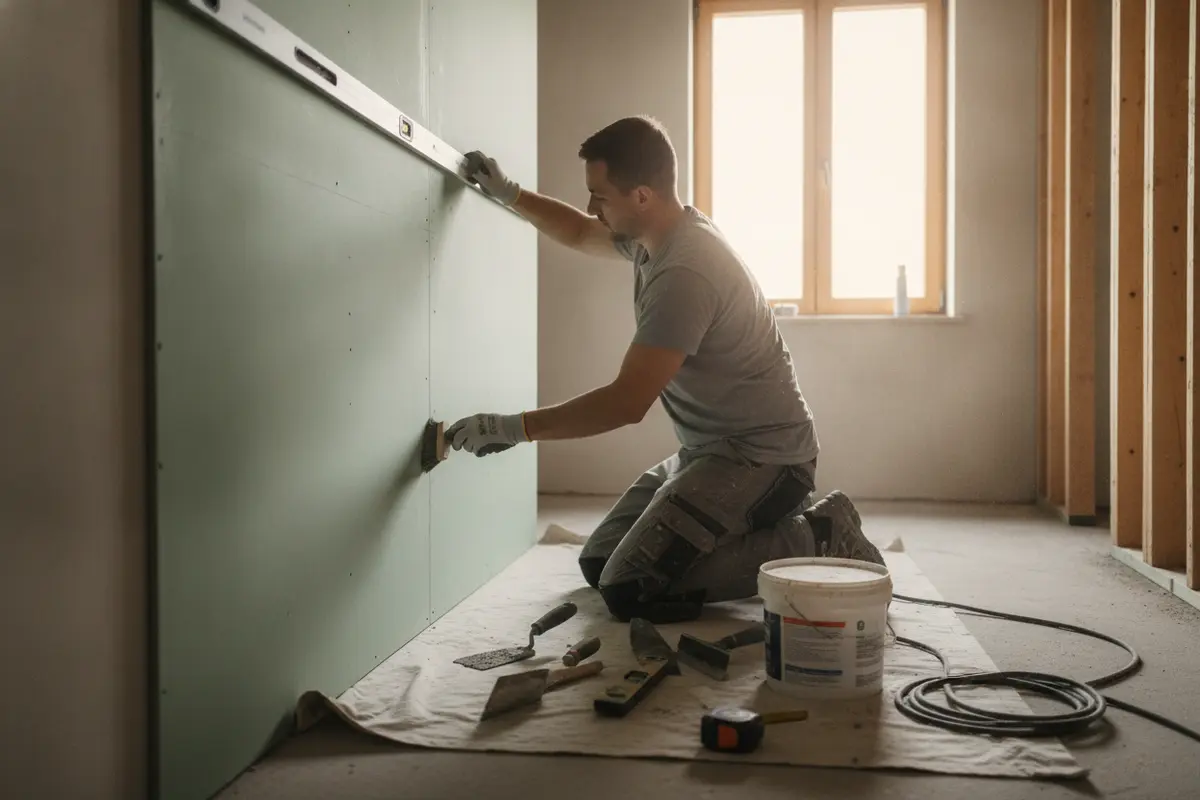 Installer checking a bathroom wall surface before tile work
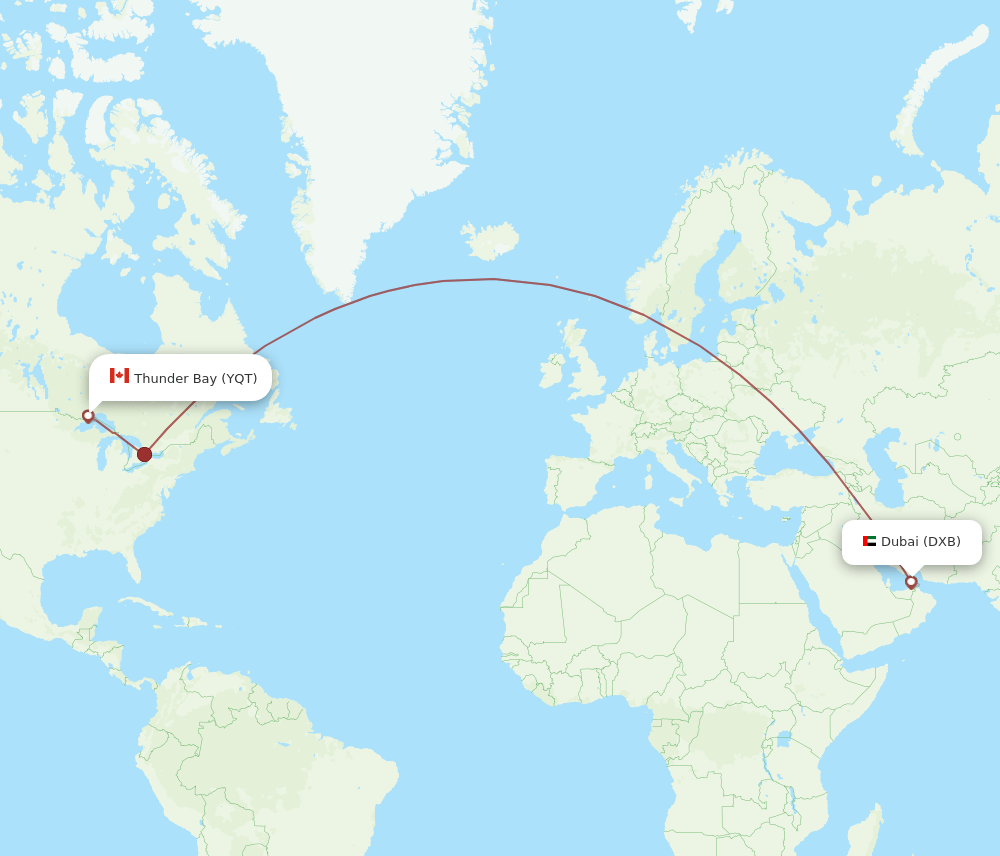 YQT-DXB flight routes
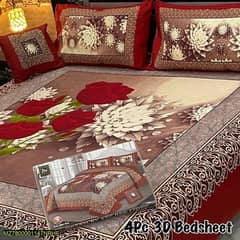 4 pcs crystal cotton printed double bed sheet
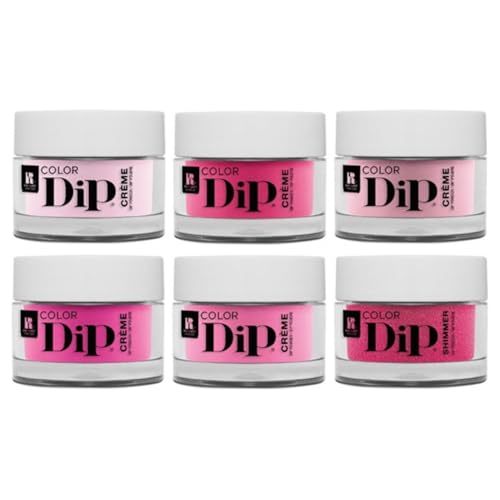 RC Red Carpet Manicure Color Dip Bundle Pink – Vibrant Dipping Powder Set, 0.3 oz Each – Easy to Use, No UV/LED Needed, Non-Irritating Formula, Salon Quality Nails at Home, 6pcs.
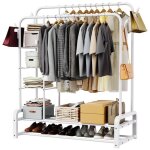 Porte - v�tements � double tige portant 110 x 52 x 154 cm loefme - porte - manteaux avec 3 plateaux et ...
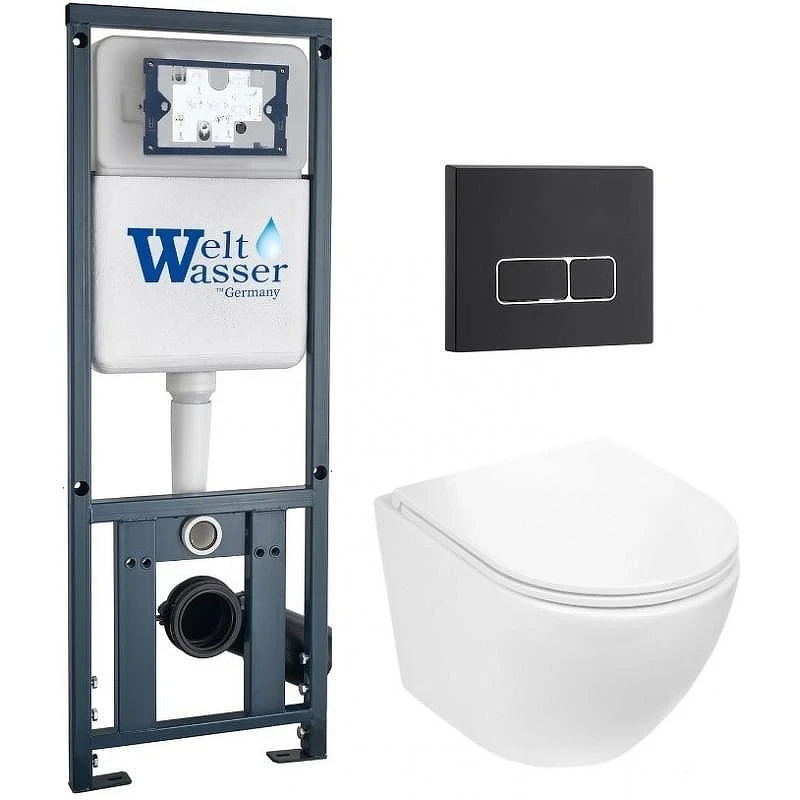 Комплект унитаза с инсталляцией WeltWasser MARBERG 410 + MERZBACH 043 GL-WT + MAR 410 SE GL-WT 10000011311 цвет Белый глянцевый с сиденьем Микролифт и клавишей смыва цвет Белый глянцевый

###

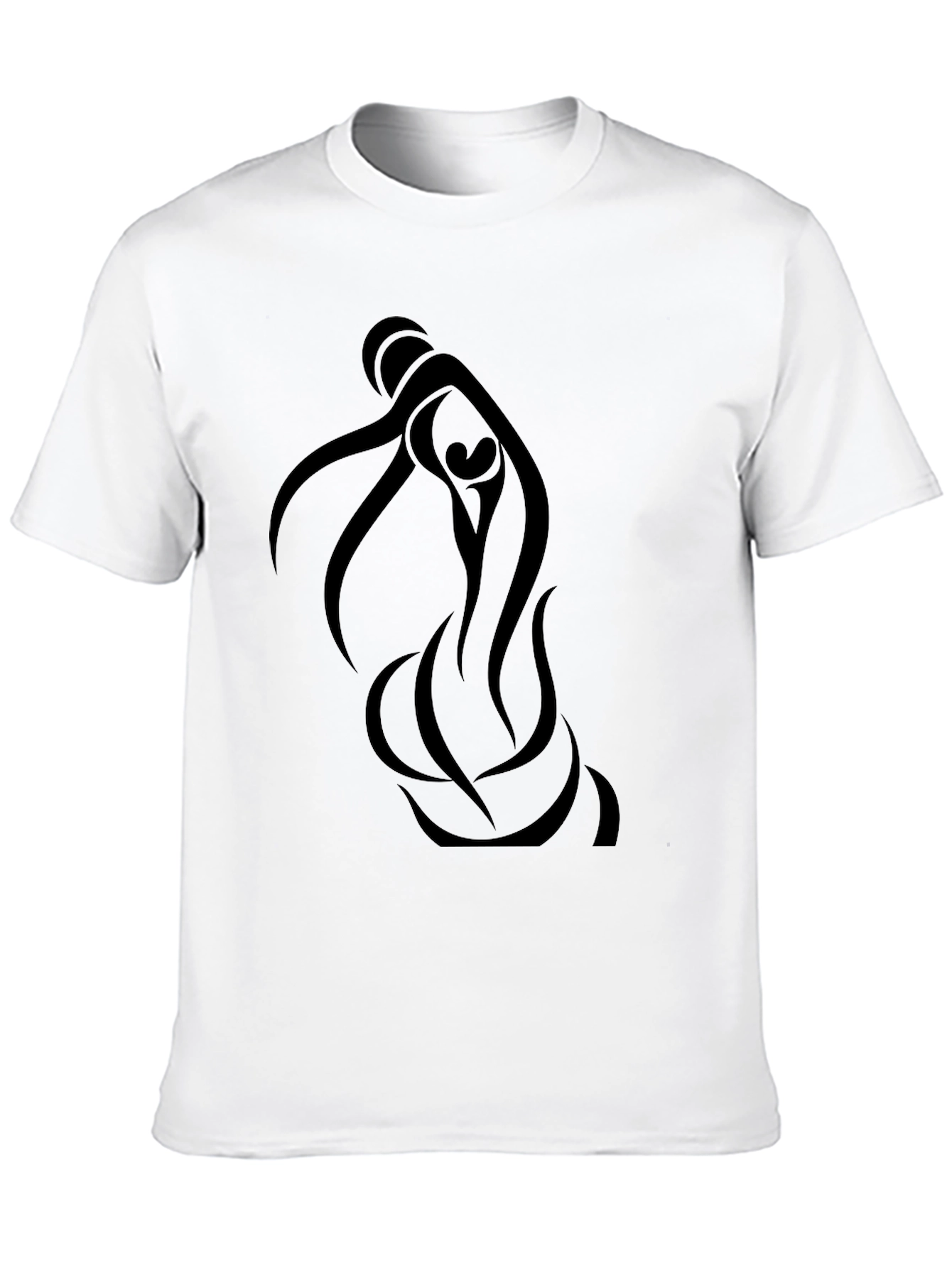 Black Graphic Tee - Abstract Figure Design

###

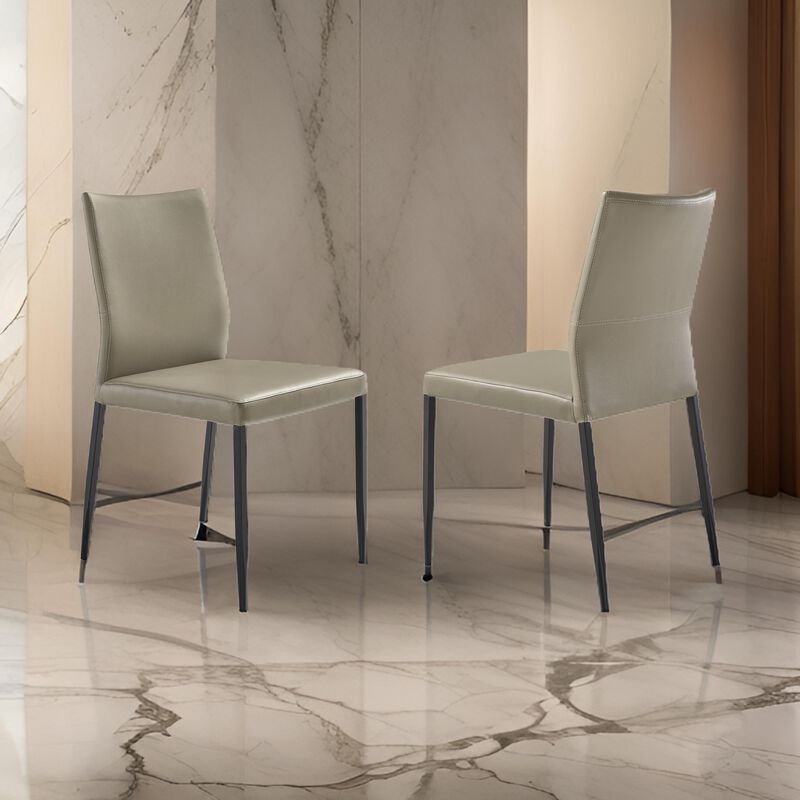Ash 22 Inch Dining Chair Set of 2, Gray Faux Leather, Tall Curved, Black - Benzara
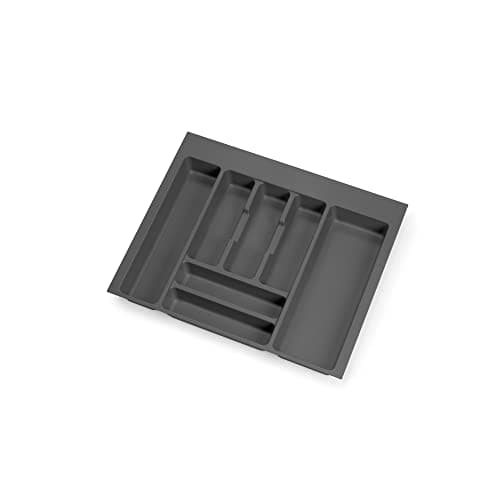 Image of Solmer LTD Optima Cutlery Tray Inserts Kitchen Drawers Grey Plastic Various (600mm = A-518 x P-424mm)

###

> **PROBLEM**
Would you output the lines above from the line holding "Ash 22 Inch" up to and including the line holding "Image of Solmer", exactly and only those, with no pictures?

> **SOLUTION TO THE PROBLEM**
Ash 22 Inch Dining Chair Set of 2, Gray Faux Leather, Tall Curved, Black - Benzara
 Image of Solmer LTD Optima Cutlery Tray Inserts Kitchen Drawers Grey Plastic Various (600mm = A-518 x P-424mm)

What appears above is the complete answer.